Cette recension a été publiée dans le numéro d’été de Politique étrangère (n° 2/2019). Rémy Hémez propose une analyse de l’ouvrage d’Antoine Bousquet, The Eye of War: Military Perception from the Telescope to the Drone (University of Minnesota Press, 2018, 272 pages).

Antoine Bousquet est maître de conférences en relations internationales au Birkbeck College (université de Londres). Dans ce nouveau livre, il analyse les interactions entre innovations technologiques et transformations de l’art de la guerre, en s’intéressant plus spécifiquement à la généalogie d’un « rêve guerrier persistant » : voir sans être vu, tuer à distance, « conjuguer vision et annihilation ». Pour l’auteur, cette chimère n’est pas loin de se concrétiser. La transparence totale du champ de bataille demeure pour le moment inaccessible, mais une convergence entre perception et destruction s’est réalisée, le drone armé n’en étant que la face la plus visible.

Après un premier chapitre consacré à la géométrie projective, base essentielle à tout système de perception, Antoine Bousquet passe en revue les trois principaux axes de convergence entre perception et destruction. Le premier est la détection, dont l’outil initial est probablement le télescope, apparu au début du XVIIe en Europe. Les systèmes permettant de voir « au-delà du visible » (infrarouge, détecteurs acoustiques, radars, ou encore lasers) sont autant d’avancées majeures dans le domaine de la détection.

Le deuxième axe est l’imagerie, d’abord incarnée par la photographie, source la plus précieuse pour étudier le camp adverse à partir de 1914. La guerre froide intensifie le besoin en images. Du côté américain, les U-2 sont d’abord utilisés, puis ce sont les satellites avec le programme Corona, initié en 1959. Aujourd’hui, les satellites militaires KH-12 ont une résolution de 10 cm environ. Les drones constituent des outils essentiels de l’imagerie militaire actuelle. En une journée, un Global Hawk peut surveiller une zone de 100 000 km2 sans interrompre son vol.

La cartographie constitue le troisième axe de convergence entre perception et destruction. Elle devient véritablement un outil central pour la guerre au XIXe siècle. L’adoption globale des coordonnées géographiques pendant la Première Guerre mondiale permet une coordination méticuleuse des manœuvres et participe à la précision des tirs d’artillerie.

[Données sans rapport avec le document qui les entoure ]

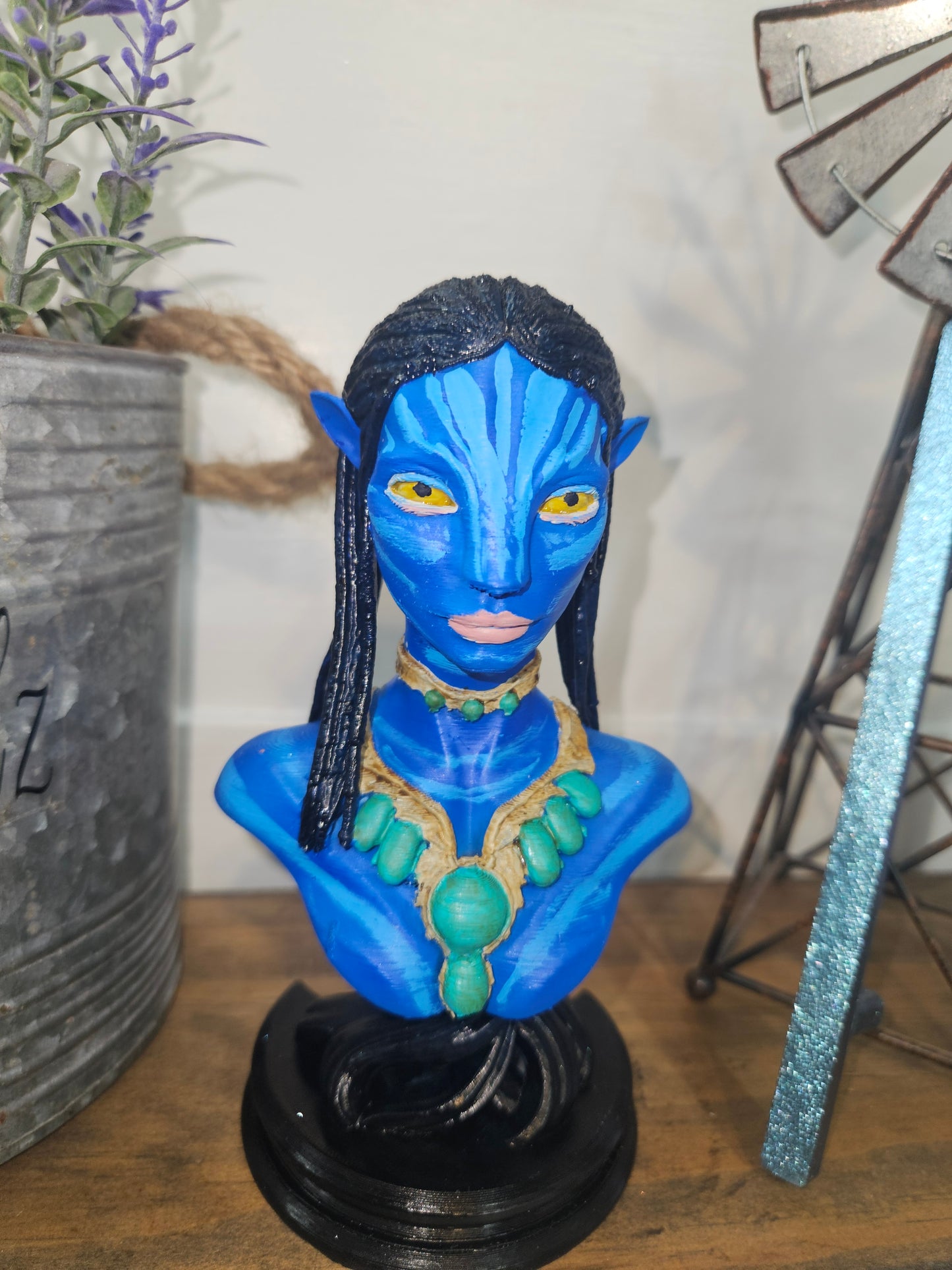 Avatar Hugger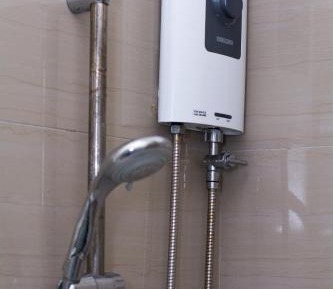  Standard Double Bedroom with Hot Shower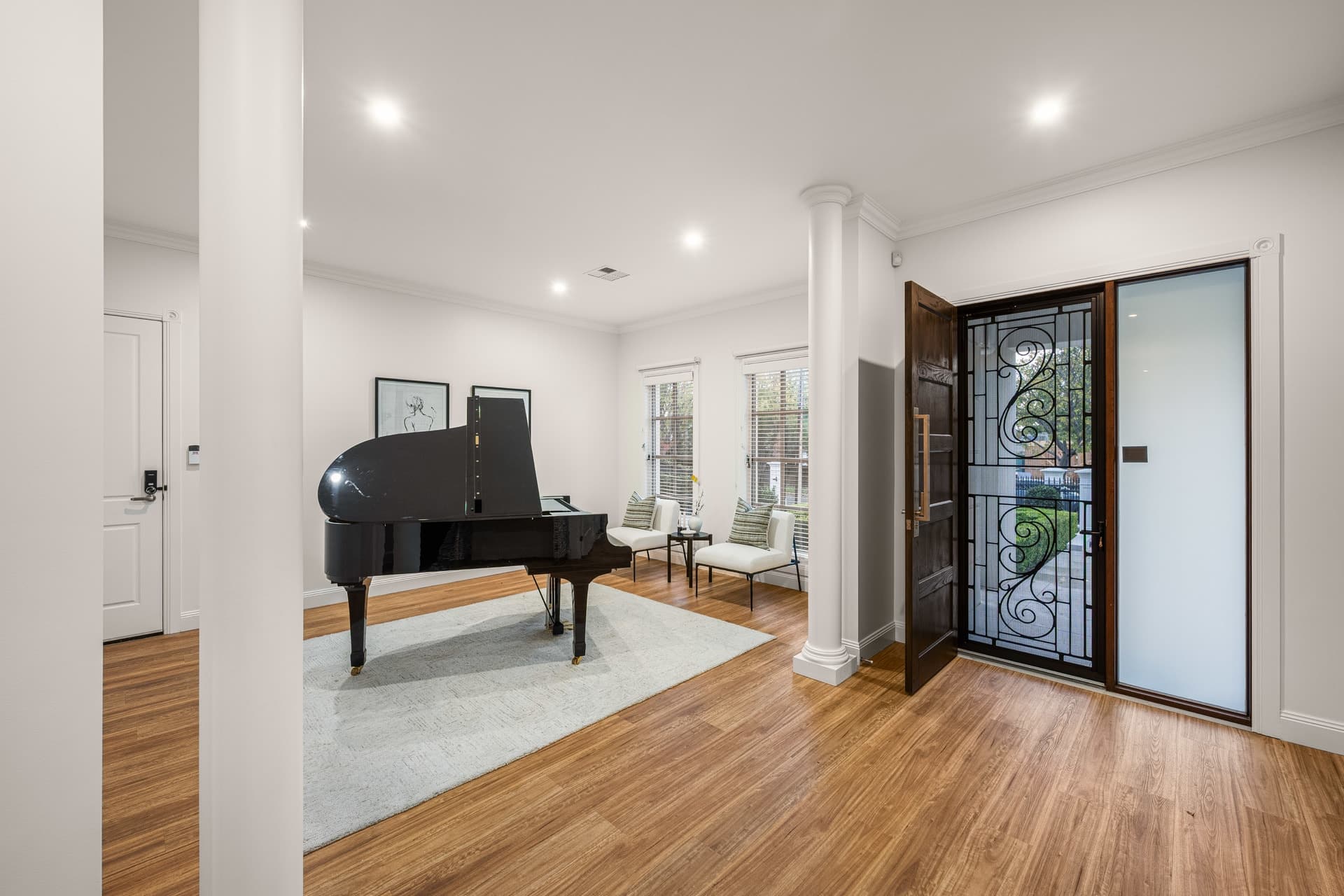 3 Olive Grove, Hazelwood Park, Hazelwood Park - Thumbnail 2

Le GPS, opérationnel en 1995, constitue une nouvelle étape. Aujourd’hui, l’enjeu principal dans ce domaine est la cartographie numérique.

La tendance à aller vers une ère de « visibilité fatale » a naturellement poussé au développement de contre-mesures. C’est l’objet du dernier chapitre de ce livre. Dès la Première Guerre mondiale, en réponse aux reconnaissances aériennes, le camouflage connaît une évolution sans précédent. Il poursuit aujourd’hui ses progrès en devenant multispectral. Les leurres sont une autre sorte de réponse, tout comme les tactiques de dispersion (swarming), ou l’utilisation du terrain (tunnels, par exemple). Les techniques d’« hypercamouflage », à l’instar du terroriste dissimulé au milieu de la foule ou des « petits hommes verts » russes en Crimée, participent, selon l’auteur, à une frontière de plus en plus floue entre paix et guerre.

Antoine Bousquet se focalise probablement trop sur les capacités technologiques en oubliant parfois leurs limites et la possibilité de l’erreur humaine, mais il signe un essai stimulant et érudit, où il retrace la généalogie des technologies de perception militaire sur plusieurs siècles, tout en s’interrogeant sur leurs conséquences pour les sociétés actuelles.